Whit Stillman is an American writer and director. He earned a nomination for an Academy Award for Best Original Screenplay for his 1990 film “Metropolitan” and directed “Love and Friendship,” an adaptation of Jane Austen’s novel “Lady Susan.” He spoke Wednesday night at the Center for Constructive Alternatives lecture series “Jane Austen on Film.”

Q: How did you get into the film business? 

A: When I was at Harvard, I went in wanting to be a novelist. But then I got very intimidated at the thought of writing at length and being all alone, so I thought, “well, I’m more gregarious, maybe I could work in TV comedies.” I had no way of getting into it, so I followed my resume into book publishing for four years, very anxious to get into film. I found a way to represent Spanish films for their sale. Some of the Spanish directors asked me to be in their films. There’s actually a film out now I had a role in called “Memories of my Father” that just won an award in Spain.

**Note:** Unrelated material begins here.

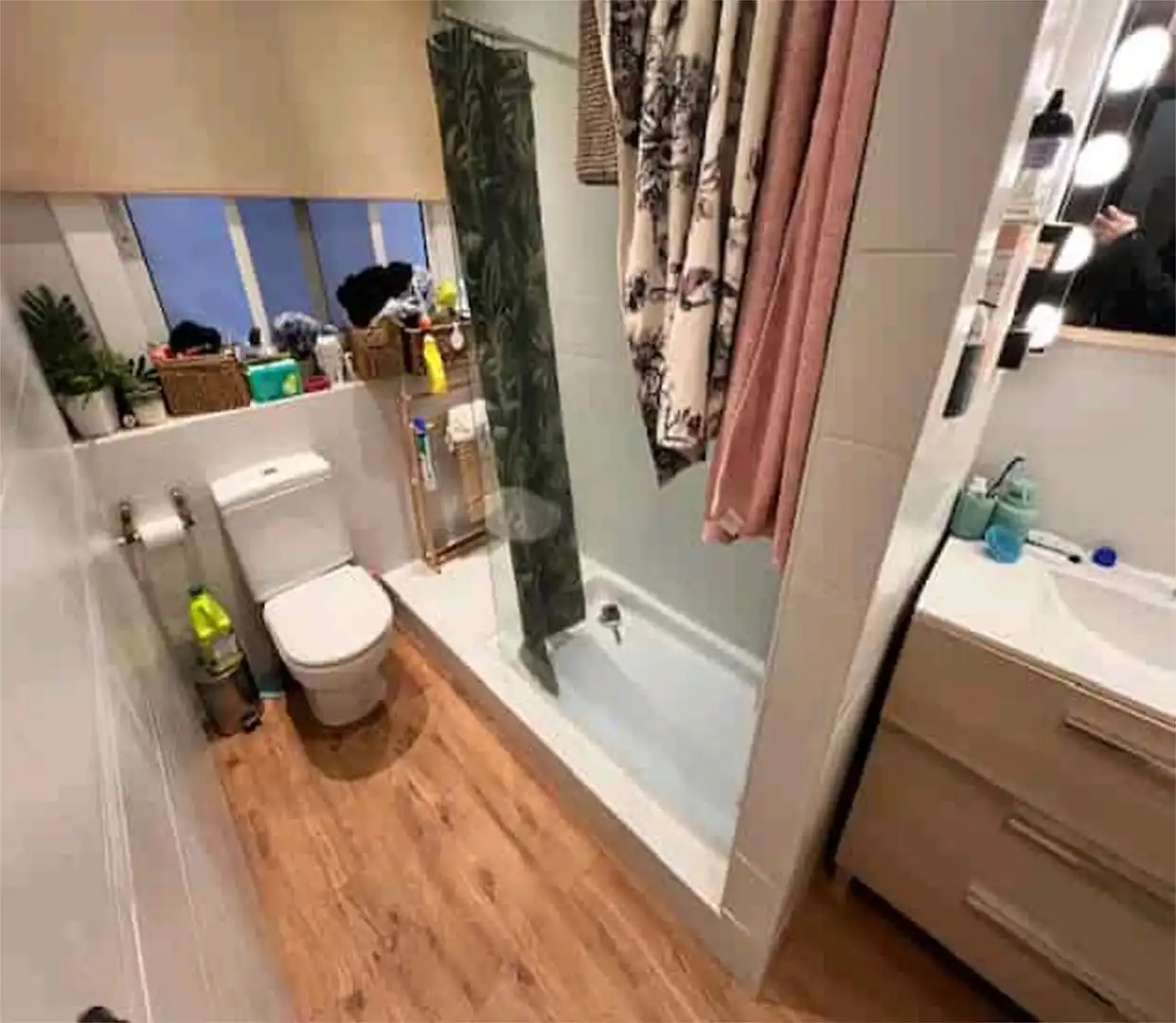 Casa adosada en venta en Carrer Mas de la Comtessa, 20, Llevant Baño de Casa adosada en venta en Reus con Balcón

So, I got into the film business in Spain.

Q: What got you so interested in Jane Austen?

A: I initially hated Jane Austen. I read Jane Austen when I was really depressed my sophomore year. I was in this totally funky state — I had just been dumped by a girl, and someone told me to read “Northanger Abbey.” I really hated the book and I told everyone how awful Jane Austen was. I was encouraged to try again and I read “Sense and Sensibility.” And then I really got to like them and began to read more and more. When I was writing the script for my first film, “Metropolitan,” I’d read parts of “Pride and Prejudice” to clean my palate. An argument I had with a friend about “Mansfield Park” became part of the story of that movie.

 Q: What is your favorite Austen novel?

A: I have three favorites that are subject to change. “Mansfield Park,” “Pride and Prejudice,” and “Persuasion” all do different things that are really interesting and really sympathetic with different coloration.

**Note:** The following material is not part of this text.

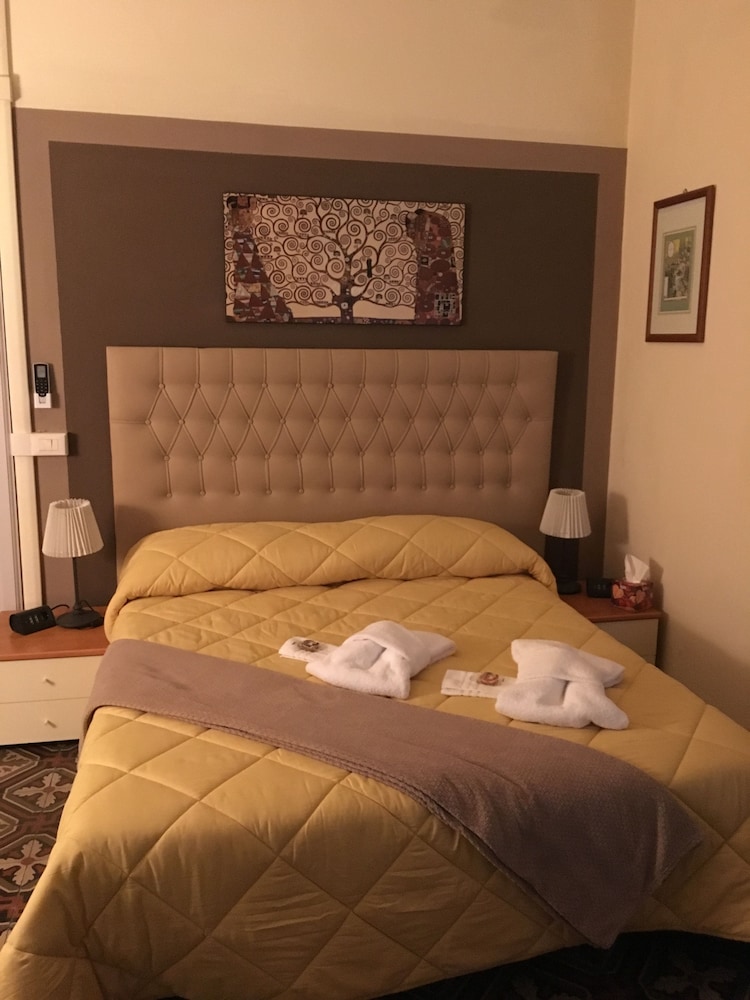 Triple Room - Photo 2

 Q: What is your favorite film adaptation of an Austen novel?

A: I really like our comic version of “Lady Susan,” called “Love and Friendship.” I think the great one is Ang Lee’s “Sense and Sensibility” with Emma Thompson, as well as the “Pride and Prejudice” TV long form. I’m so totally biased, though. The others might be good, but since I want to do them myself I just can’t bear them.

 Q: Do you have plans to do more Austen adaptations?

A: Yes, I do.

 Q: What are you thinking about adapting?

A: One thing I’ve learned about film projects is never tell people what it is. I’ve already said too much.

 Q: What do you think makes Austen so special and so long lived over two centuries after her life?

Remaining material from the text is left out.